Introduction

paramedic jointly models two data types: relative abundance data (e.g., 16S data), and absolute abundance data (e.g., qPCR data). Importantly, the model accounts for the fact that taxa may be detected with differing efficiency across the two datatypes. In the paper, we describe a hierarchical model that can be used in the absence of sample covariates or batch covariates. However, many users are likely to have covariate data available to improve modelling. The purpose of this vignette is to show you how to customise paramedic to incorporate your covariate data and batch data. We also discuss how to modify the absolute abundance data’s generating process from Poisson to Negative Binomial. In all examples below, we use the example data referenced in the main vignette. Additionally, we use a very small number of total and burn-in iterations for illustration only; we stress that a larger number of iterations should be used in practice.

library("rstan")
## Loading required package: StanHeaders
## Loading required package: ggplot2
## rstan (Version 2.21.2, GitRev: 2e1f913d3ca3)
## For execution on a local, multicore CPU with excess RAM we recommend calling
## options(mc.cores = parallel::detectCores()).
## To avoid recompilation of unchanged Stan programs, we recommend calling
## rstan_options(auto_write = TRUE)
library("paramedic")
## Loading required package: Rcpp
## paramedic version 0.1.3.5: Predicting Absolute and Relative Abundance by Modeling Efficiency to Derive Intervals and Concentrations
## Package created on 2021-06-28
library("dplyr")
## 
## Attaching package: 'dplyr'
## The following objects are masked from 'package:stats':
## 
##     filter, lag
## The following objects are masked from 'package:base':
## 
##     intersect, setdiff, setequal, union
data(example_16S_data)
data(example_qPCR_data)

Hierarchical models currently available in paramedic

The default hierarchical model

The default hierarchical model in paramedic places a Poisson distribution on \(V\) and a multinomial distribution on \(W\); a normal distribution on \(\log \mu\), where the distribution depends on a taxon-specific intercept \(\beta_0\) and a covariance matrix \(\Sigma\); and a normal distribution on \(\log e\). The likelihood is (for all \(i\) and \(j\)): \[V_{ij} \mid \mu_{ij} \sim Poisson(\mu_{ij}) \\ p_{ij} = \frac{\mu_{ij}e_j}{\sum_{\ell = 1}^q \mu_{i\ell}e_\ell} \\ W_{i\cdot} \mid M_i, \mu_{i\cdot}, e \sim Multinomial(M_i, p_{i\cdot}).\]

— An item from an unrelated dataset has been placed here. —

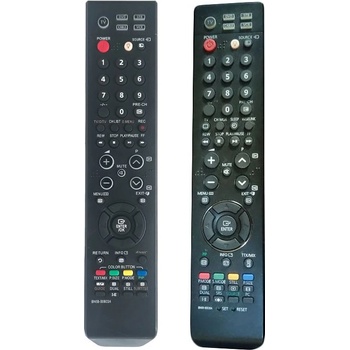 съвместим Samsung bn59-00530a - заместител дистанционно управление (bn59-00530a)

We place the following priors on \(\mu\) and \(e\): \[\log\mu_{i\cdot} \sim N_q(\beta_0, \Sigma) \\ \beta_0 \sim N_q(0, \sigma^2_\beta) \\ \Sigma_{jj} \sim Lognormal(0, \sigma^2_\Sigma) \\ e_j \sim Lognormal(0, \sigma^2_e) \\ \sigma^2_e \sim InvGamma(\alpha_\sigma, \kappa_\sigma).\]

The following code fits this model in paramedic for the example data:

mod <- paramedic::run_paramedic(W = example_16S_data[, 1:8], V = example_qPCR_data,
                                n_iter = 30, n_burnin = 25, n_chains = 1,
                                stan_seed = 4747, control = list(max_treedepth = 15))

Allowing for covariates

It may be of interest to allow covariates to affect the mean for each taxon. In this case, we may replace the prior on \(\mu\) with the following: \[\log\mu_{i\cdot} \sim N_q(\beta_0 + X_i\beta_1, \Sigma) \\ \beta_0 \sim N_q(0, \sigma^2_\beta) \\ \beta_{1,k} \sim N_q(0, 1),\] where \(\beta_1\) is a matrix with number of rows equal to the number of covariates and number of columns equal to \(q\).

You can implement this model by passing a tibble of covariates \(X\) to run_paramedic. \(X\) must have number of rows equal to the sample size, and any number of columns.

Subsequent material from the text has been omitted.